The word 'pure' has never revealed an intelligent meaning to me. I can only use the word to quench an optical thirst for purity in the transparencies that evoke it - in bubbles, in a volume of water, and in the imaginary latitudes entrenched, beyond reach, at the very center of a dense crystal. — Sidonie Gabrielle Colette

Can it be that chance has made me one of those women so immersed in one man that, whether they are barren or not, they carry with them to the grave the shriveled innocence of an old maid? — Sidonie Gabrielle Colette

On this narrow planet, we have only the choice between two unknown worlds. One of them tempts us - ah! what a dream, to live in that! - the other stifles us at the first breath. — Sidonie Gabrielle Colette

By an image we hold on to our lost treasures, but it is the wrenching loss that forms the image, composes, binds the bouquet. — Sidonie Gabrielle Colette

I did not look for her, because I was afraid of dispelling the mystery we attach to people whom we know only casually. — Sidonie Gabrielle Colette

Voluptuaries, consumed by their senses, always begin by flinging themselves with a great display of frenzy into an abyss. But they survive, they come to the surface again. And they develop a routine of the abyss: It's four o clock. At five I have my abyss... — Sidonie Gabrielle Colette

No one asked you to be happy. Get to work. — Sidonie Gabrielle Colette

Life Lessons by Sidonie Gabrielle Colette

  1. Sidonie Gabrielle Colette taught us to be resilient and to keep pushing forward despite life's challenges.
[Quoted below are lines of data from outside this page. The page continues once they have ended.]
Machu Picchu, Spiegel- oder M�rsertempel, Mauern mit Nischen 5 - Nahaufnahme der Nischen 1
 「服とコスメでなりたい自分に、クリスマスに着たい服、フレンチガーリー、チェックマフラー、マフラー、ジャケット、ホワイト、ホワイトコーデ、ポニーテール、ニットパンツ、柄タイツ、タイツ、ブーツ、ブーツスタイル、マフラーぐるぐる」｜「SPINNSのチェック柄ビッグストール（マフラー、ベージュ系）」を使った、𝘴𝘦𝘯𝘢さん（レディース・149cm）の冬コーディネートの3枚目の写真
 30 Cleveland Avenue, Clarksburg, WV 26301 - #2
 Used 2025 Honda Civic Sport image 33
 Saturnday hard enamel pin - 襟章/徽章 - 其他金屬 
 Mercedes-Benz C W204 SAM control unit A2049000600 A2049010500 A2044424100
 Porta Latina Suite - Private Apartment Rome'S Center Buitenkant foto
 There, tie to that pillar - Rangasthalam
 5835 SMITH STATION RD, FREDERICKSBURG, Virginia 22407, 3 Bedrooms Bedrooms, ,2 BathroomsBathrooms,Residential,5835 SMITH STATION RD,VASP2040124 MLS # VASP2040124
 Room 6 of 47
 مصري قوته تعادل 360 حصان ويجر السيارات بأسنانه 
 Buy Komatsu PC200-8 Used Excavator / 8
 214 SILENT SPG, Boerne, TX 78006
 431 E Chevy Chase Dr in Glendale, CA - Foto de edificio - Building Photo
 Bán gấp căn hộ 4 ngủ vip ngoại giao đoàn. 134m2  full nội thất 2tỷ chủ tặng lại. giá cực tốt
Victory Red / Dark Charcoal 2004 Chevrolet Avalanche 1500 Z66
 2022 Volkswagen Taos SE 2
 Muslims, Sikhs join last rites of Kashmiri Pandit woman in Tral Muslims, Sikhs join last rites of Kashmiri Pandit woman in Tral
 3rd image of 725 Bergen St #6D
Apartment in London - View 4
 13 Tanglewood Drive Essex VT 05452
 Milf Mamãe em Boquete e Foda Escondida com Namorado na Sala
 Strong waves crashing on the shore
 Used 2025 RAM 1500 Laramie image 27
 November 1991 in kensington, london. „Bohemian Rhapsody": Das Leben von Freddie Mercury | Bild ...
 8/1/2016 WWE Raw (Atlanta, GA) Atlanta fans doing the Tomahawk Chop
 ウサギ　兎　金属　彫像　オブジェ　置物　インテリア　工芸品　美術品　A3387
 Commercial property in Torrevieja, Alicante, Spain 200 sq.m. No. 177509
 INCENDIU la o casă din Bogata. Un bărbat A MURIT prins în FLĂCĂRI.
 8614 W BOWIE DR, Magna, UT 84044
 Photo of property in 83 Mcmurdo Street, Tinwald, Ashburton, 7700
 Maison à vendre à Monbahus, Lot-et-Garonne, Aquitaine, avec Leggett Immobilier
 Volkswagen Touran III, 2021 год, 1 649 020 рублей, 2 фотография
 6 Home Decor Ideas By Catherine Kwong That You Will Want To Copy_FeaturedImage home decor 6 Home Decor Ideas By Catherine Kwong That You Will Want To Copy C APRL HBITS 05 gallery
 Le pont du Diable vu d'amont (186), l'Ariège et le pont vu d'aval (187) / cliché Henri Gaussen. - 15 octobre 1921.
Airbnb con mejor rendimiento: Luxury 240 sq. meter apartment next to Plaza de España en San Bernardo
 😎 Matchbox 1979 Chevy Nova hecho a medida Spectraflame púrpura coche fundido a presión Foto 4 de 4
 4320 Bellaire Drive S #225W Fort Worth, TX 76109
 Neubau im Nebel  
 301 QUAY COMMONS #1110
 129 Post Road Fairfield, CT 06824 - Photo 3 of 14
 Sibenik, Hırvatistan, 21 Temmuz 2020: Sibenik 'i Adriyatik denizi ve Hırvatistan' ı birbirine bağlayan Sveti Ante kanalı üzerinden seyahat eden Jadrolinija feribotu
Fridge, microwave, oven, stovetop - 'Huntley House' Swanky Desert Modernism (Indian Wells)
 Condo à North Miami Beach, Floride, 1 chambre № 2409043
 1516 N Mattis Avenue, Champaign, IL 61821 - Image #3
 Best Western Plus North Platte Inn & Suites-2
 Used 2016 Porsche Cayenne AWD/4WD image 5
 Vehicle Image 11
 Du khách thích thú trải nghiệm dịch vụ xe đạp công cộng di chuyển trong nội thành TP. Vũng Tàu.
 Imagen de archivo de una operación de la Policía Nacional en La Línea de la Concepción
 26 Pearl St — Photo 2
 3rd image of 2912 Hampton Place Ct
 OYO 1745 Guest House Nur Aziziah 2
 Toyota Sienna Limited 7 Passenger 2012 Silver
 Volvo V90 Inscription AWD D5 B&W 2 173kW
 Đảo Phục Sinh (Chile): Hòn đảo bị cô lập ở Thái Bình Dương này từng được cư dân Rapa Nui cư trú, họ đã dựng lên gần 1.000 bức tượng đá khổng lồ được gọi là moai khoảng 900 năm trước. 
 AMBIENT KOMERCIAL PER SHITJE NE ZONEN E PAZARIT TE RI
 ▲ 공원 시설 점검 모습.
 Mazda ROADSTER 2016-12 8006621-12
She recognized that life is full of ups and downs, and she embraced them both.
  2. She also taught us to be independent and to never give up our own identity. She was a strong advocate for women's rights and encouraged others to stand up for themselves.
  3. Lastly, she taught us to live life to the fullest and to make the most of every moment. She was passionate about her work and was always looking for new ways to express her creativity.